A representante da Ufal, Sandra Regina Paz, entregou ao governador uma moção de repúdio do Conselho Universitário da Ufal contra a Lei “Escola Livre”. “Na verdade essa lei não tem nada de livre, essa lei desvaloriza efetivamente os professores na sua capacidade argumentativa e desfoca os principais problemas da educação do nosso estado. A Ufal entende a importância de se ingressar com uma Adin, de modo a comprovar o que todos já sabem: a inconstitucionalidade da Escola Livre”. 

Sandra pontuou para ao EXTRA que “essa lei afronta a Carta Magna, assim como a Lei de Diretrizes e Bases da Educação Nacional (LDB), a Lei 9394/96, que enfatiza a liberdade de expressão, o livre pensamento, a possibilidade de comunicar o saber e a pluralidade da escola laica. Essas prerrogativas devem ser sempre defendidas e não amordaçadas”. 

Já o presidente do Sindicato dos Professores de Alagoas, Eduardo Vasconcelos, salientou que qualquer tentativa de cercear a liberdade de expressão e ir de encontro ao estado democrático de direito terá a desaprovação do Sinpro. “Os professores merecem respeito e a educação alagoana sofre um verdadeiro retrocesso com a aprovação dessa lei”. 

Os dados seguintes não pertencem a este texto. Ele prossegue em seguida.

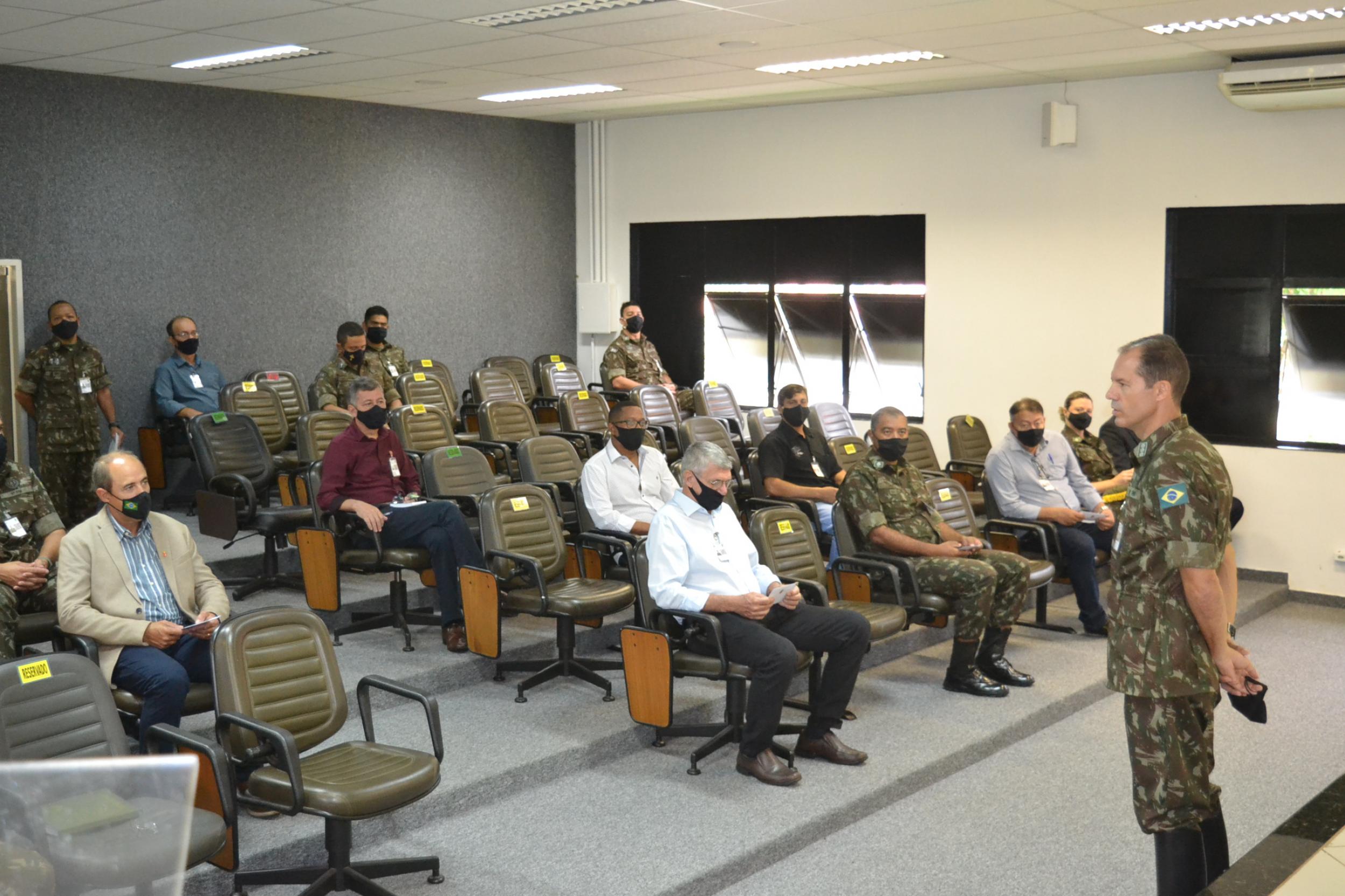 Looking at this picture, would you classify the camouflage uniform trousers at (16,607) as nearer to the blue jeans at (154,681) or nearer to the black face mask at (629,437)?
the blue jeans at (154,681)

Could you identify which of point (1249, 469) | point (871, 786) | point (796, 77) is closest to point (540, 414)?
point (796, 77)

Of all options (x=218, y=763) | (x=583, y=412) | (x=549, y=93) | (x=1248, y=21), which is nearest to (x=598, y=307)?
(x=549, y=93)

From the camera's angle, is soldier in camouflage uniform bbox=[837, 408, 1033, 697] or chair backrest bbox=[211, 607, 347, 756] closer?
chair backrest bbox=[211, 607, 347, 756]

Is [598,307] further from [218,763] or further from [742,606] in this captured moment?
[218,763]

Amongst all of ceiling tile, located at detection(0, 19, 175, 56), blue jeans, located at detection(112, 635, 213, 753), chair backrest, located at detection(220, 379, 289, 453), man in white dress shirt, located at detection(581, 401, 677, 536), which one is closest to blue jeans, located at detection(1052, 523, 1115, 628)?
man in white dress shirt, located at detection(581, 401, 677, 536)

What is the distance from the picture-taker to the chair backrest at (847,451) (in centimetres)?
737

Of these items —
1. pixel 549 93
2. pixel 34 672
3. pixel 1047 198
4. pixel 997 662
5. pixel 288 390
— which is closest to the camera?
pixel 34 672

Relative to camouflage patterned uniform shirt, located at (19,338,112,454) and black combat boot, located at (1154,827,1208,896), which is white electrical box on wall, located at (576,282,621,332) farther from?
black combat boot, located at (1154,827,1208,896)

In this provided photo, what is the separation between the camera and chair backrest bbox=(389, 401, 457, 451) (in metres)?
7.20

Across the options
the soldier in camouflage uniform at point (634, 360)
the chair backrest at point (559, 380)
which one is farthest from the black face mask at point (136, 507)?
the chair backrest at point (559, 380)

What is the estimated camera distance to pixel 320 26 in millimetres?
6230

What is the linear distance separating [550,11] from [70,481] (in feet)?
13.7

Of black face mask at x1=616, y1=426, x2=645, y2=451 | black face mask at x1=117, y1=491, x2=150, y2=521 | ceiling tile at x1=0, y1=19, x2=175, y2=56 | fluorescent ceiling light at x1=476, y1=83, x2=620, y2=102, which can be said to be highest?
fluorescent ceiling light at x1=476, y1=83, x2=620, y2=102

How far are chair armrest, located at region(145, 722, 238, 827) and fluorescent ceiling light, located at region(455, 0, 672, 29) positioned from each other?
3.77 meters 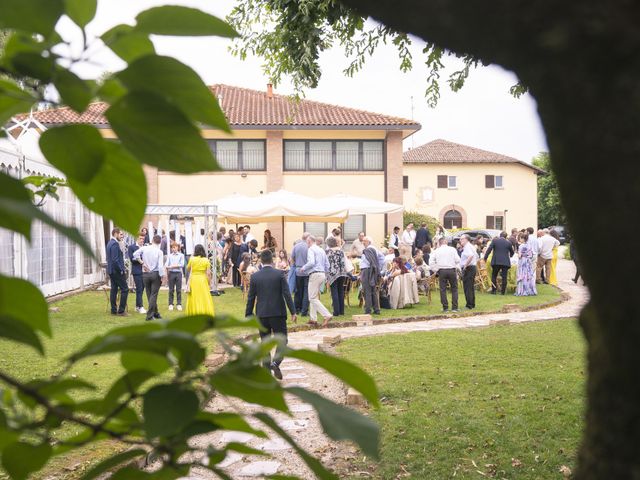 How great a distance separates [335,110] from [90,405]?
3352 centimetres

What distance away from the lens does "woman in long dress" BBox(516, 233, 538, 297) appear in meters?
20.1

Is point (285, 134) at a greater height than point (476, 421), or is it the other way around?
point (285, 134)

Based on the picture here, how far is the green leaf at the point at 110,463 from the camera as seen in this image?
2.54 feet

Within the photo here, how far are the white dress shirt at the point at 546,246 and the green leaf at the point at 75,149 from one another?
2227 cm

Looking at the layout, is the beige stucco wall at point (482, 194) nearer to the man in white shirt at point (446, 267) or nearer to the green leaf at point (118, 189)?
the man in white shirt at point (446, 267)

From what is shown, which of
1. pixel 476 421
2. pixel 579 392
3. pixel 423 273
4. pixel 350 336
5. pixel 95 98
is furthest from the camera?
pixel 423 273

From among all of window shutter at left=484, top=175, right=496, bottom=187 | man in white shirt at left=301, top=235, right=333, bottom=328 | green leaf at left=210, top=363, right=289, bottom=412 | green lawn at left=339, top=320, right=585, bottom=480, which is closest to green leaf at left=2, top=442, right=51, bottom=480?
green leaf at left=210, top=363, right=289, bottom=412

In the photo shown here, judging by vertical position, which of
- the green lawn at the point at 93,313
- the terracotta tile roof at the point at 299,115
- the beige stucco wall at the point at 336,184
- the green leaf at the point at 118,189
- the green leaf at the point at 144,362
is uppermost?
the terracotta tile roof at the point at 299,115

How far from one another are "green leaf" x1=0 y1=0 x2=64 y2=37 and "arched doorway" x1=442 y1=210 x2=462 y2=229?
52.2 meters

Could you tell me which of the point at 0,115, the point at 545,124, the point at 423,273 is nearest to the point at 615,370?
the point at 545,124

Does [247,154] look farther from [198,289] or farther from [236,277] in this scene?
[198,289]

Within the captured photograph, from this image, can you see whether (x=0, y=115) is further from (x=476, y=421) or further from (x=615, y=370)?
(x=476, y=421)

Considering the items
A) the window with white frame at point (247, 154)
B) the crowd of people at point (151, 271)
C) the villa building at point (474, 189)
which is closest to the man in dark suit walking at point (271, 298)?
the crowd of people at point (151, 271)

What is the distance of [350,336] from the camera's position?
13281mm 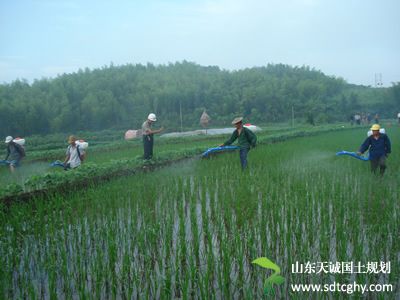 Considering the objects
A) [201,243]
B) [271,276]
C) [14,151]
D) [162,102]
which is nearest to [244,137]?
[201,243]

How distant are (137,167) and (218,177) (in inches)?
73.0

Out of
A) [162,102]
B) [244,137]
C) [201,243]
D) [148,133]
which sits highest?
[162,102]

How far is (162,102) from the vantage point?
3734cm

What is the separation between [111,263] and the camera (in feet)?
9.86

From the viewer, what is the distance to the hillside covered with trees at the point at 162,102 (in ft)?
89.9

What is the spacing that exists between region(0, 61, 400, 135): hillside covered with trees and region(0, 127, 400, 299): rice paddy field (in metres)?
23.3

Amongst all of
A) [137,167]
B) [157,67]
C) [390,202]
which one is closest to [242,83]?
[157,67]

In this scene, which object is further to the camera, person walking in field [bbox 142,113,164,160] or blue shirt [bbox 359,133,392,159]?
person walking in field [bbox 142,113,164,160]

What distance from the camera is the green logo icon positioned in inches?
93.8

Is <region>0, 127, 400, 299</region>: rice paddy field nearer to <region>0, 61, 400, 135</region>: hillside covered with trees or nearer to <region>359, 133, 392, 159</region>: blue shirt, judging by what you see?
<region>359, 133, 392, 159</region>: blue shirt

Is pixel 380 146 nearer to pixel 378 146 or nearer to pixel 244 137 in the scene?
pixel 378 146

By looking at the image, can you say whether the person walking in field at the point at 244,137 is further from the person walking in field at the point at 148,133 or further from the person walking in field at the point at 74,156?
the person walking in field at the point at 74,156

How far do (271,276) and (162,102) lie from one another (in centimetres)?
3561

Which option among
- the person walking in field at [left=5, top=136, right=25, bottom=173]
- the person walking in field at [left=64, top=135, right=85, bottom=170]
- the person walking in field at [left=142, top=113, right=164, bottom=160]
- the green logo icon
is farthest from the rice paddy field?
the person walking in field at [left=5, top=136, right=25, bottom=173] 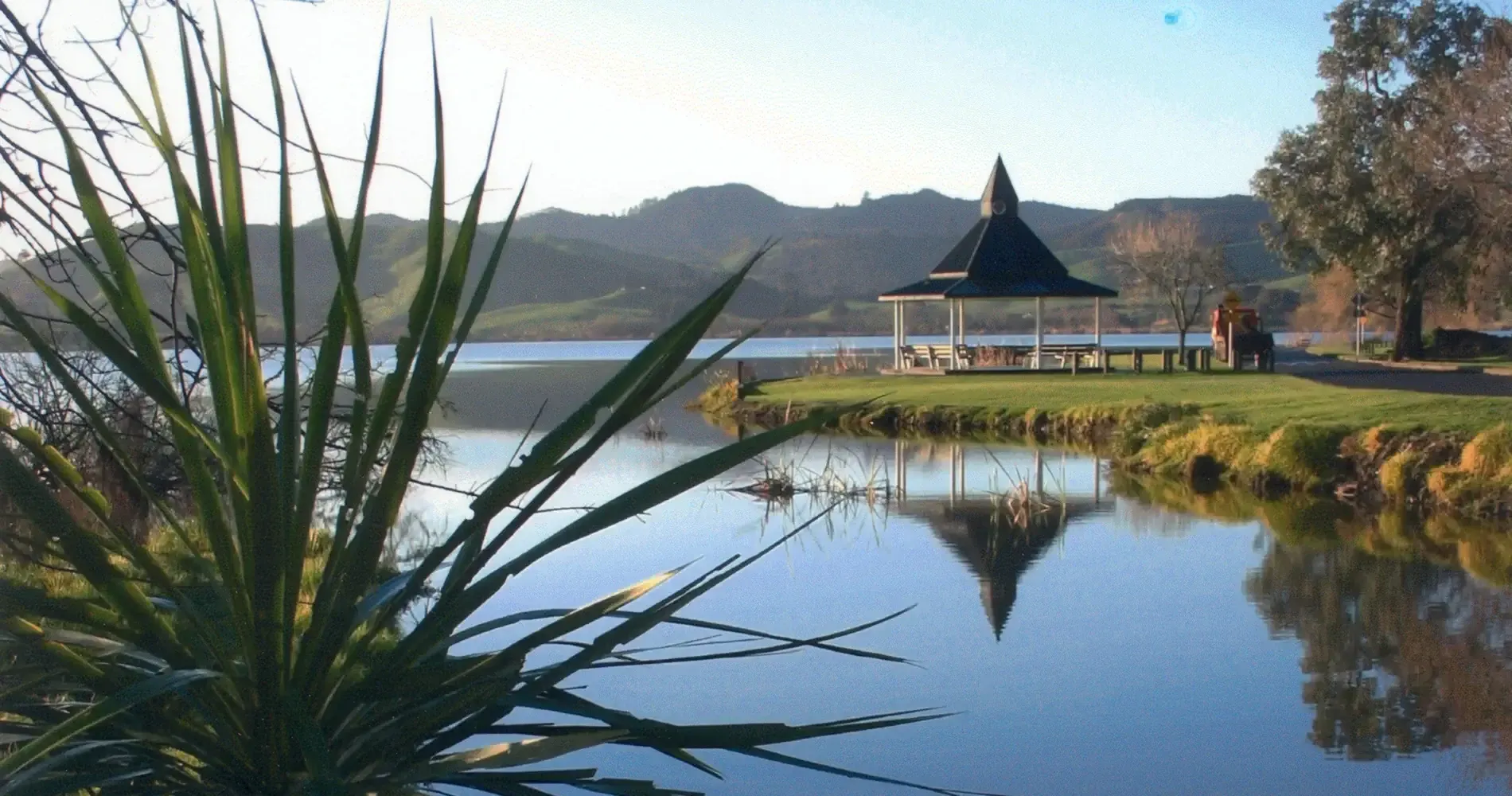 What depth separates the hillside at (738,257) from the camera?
112 m

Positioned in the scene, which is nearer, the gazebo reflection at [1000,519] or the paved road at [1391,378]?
the gazebo reflection at [1000,519]

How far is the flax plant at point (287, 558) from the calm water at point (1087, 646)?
3.89 metres

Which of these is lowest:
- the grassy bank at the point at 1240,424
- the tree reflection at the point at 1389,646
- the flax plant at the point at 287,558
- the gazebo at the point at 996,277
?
the tree reflection at the point at 1389,646

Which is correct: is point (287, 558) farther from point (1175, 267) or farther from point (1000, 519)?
point (1175, 267)

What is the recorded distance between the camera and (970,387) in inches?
1156

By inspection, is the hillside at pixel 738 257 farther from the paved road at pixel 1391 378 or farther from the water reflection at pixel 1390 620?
the water reflection at pixel 1390 620

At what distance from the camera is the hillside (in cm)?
11206

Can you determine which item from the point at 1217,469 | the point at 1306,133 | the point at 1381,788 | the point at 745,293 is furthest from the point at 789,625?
the point at 745,293

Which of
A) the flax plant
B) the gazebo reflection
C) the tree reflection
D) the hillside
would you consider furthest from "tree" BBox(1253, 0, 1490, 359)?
the hillside

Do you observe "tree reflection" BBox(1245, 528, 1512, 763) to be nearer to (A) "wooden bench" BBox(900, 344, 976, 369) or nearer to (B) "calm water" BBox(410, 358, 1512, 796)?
(B) "calm water" BBox(410, 358, 1512, 796)

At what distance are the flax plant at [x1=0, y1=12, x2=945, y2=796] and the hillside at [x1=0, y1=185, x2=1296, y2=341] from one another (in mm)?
71023

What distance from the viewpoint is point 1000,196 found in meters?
38.9

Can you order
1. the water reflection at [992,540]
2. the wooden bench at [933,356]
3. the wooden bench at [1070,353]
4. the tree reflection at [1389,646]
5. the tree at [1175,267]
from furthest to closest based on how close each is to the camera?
the tree at [1175,267], the wooden bench at [933,356], the wooden bench at [1070,353], the water reflection at [992,540], the tree reflection at [1389,646]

Por fim, Vasconcelos parabenizou a posição do governador e observou que a assessoria jurídica do Sinpro estuda com seu corpo diretivo a possibilidade de ingressar com mais uma Ação de Inconstitucionalidade contra a Lei “Escola Livre”. Em recente nota, o Sinpro colocou: “O educador é um pensador, personagem indispensável nas lutas de classe e um agente de transformação social”.

Quem se fez presente na reunião com o governador foi o defensor público e professor Othoniel Pinheiro Neto, que em publicação de sua autoria classificou a lei como a “maior aberração jurídica que já vi em minha vida, [...] uma vez que carrega má-fé, omissões intencionais e manipulação em seu discurso”. 

Vale ressaltar que o Projeto “Escola Livre”, hoje Lei “Escola Livre”, foi proposto pelo deputado estadual Ricardo Nezinho (PMDB), que é pré-candidato a prefeito de Arapiraca, segundo principal colégio eleitoral de Alagoas. Nezinho, ao contrário de outros pares, não se pronunciou de forma clara sobre o motivo da apresentação do projeto na Casa de Tavares Bastos.